Her primary interest is in branched tissues, the treelike structures in lungs, kidneys, and mammary glands. “We try to understand how that tree forms — how millions and millions of cells know to build themselves into such a complex architecture,” Nelson says.
Nelson and her colleagues build tissues in culture using microfabrication techniques similar to those used in the semiconductor industry. But instead of placing inorganic components on a flat computer chip, they organize living cells in a three-dimensional tissue structure. Nelson also uses computer models to simulate the development of organic tissues.
In one project, Nelson’s lab is working on a model mammary gland that simulates tissue fibrosis, a process in which cells produce an excess of a polymer called extracellular matrix that builds up and increases the stiffness of the tissue. The tissue change can make women more susceptible to breast cancer, and a reliable model of fibrosis eventually could be used to screen for therapies to combat the process.

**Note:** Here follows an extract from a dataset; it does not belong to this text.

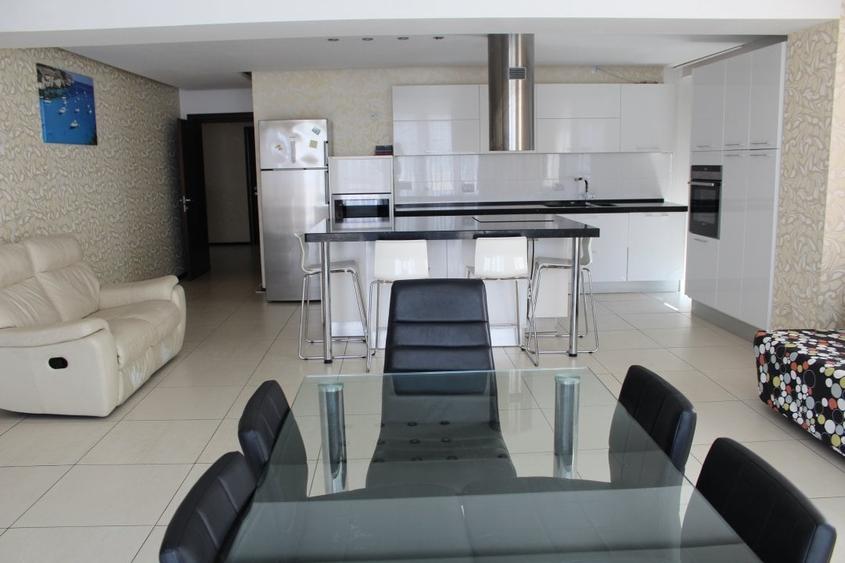 Mamaia - penthouse spectaculos cu vedere panoramica la mare si lac - 2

To create that model, Nelson must answer several basic questions about how fibrotic cells behave: How do cells respond to alterations in the stiffness of their surroundings? What signals cause cells to begin fibrosis? The model, when complete, could help to answer other elusive questions, like whether or not normal cells can overwhelm the detrimental effects of a single fibrotic cell.
There are few standard techniques for building and studying a developing tissue, according to Nelson. Embryolo-gists have centuries of knowledge about whole organs, and biologists have sophisticated techniques for manipulating single cells. But the “in-between” area has not been explored thoroughly.